● **Required action**: Search the records below for the string "with" and copy each line where it turns up.

● **Data shown**:
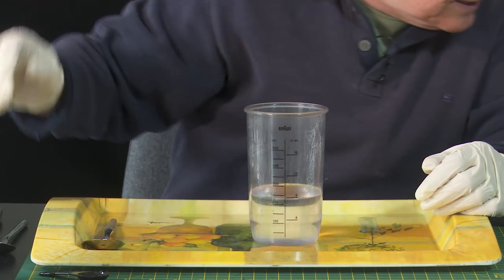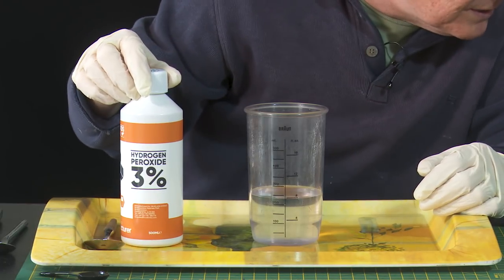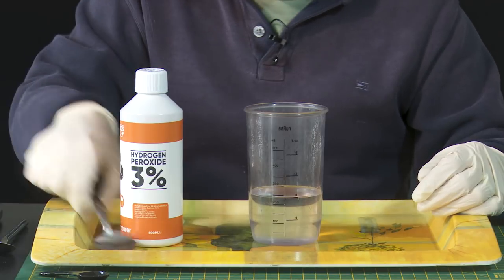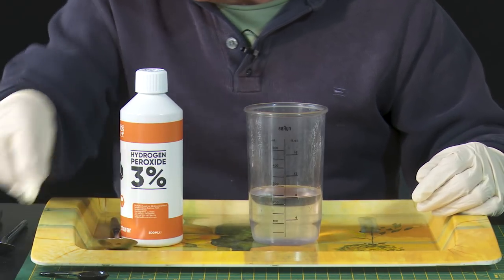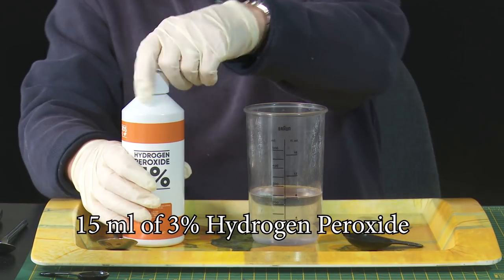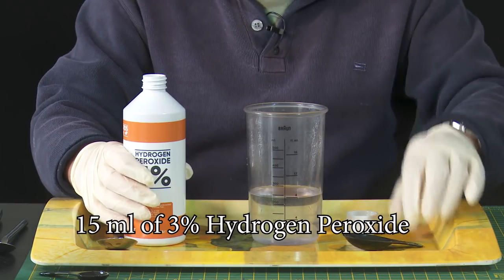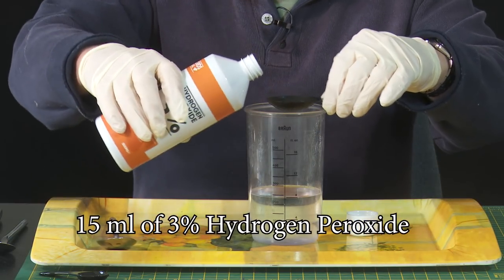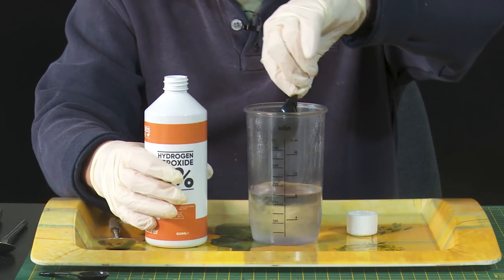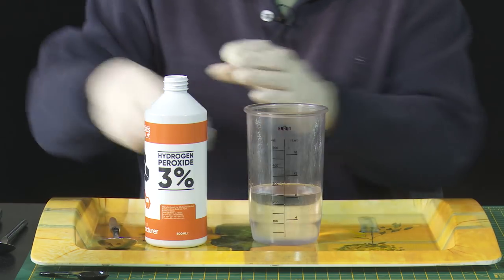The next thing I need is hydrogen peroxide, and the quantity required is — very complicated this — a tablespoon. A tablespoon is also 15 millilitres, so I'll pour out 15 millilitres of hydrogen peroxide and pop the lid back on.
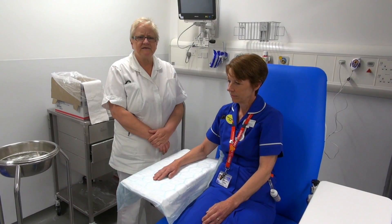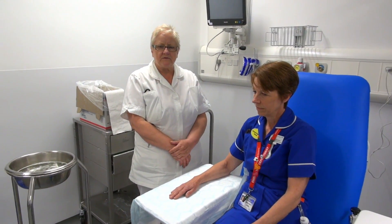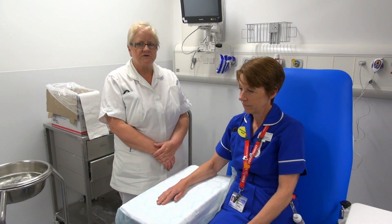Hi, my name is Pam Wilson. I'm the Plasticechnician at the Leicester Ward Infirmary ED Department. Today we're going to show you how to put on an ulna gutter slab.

---

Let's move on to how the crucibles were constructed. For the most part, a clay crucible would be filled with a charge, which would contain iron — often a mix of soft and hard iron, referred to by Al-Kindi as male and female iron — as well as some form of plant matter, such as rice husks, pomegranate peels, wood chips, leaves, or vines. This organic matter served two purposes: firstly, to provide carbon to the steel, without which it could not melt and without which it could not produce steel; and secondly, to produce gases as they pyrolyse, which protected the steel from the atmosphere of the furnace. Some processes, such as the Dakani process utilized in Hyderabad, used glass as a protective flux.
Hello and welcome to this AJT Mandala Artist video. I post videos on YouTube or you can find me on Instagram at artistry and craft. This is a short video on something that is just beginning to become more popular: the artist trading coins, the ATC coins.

* * *

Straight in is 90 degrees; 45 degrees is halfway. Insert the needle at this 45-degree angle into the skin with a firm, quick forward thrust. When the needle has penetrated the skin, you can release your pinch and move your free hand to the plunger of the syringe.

● **Exercise answer**:
Let's move on to how the crucibles were constructed. For the most part, a clay crucible would be filled with a charge, which would contain iron — often a mix of soft and hard iron, referred to by Al-Kindi as male and female iron — as well as some form of plant matter, such as rice husks, pomegranate peels, wood chips, leaves, or vines. This organic matter served two purposes: firstly, to provide carbon to the steel, without which it could not melt and without which it could not produce steel; and secondly, to produce gases as they pyrolyse, which protected the steel from the atmosphere of the furnace. Some processes, such as the Dakani process utilized in Hyderabad, used glass as a protective flux.
Straight in is 90 degrees; 45 degrees is halfway. Insert the needle at this 45-degree angle into the skin with a firm, quick forward thrust. When the needle has penetrated the skin, you can release your pinch and move your free hand to the plunger of the syringe.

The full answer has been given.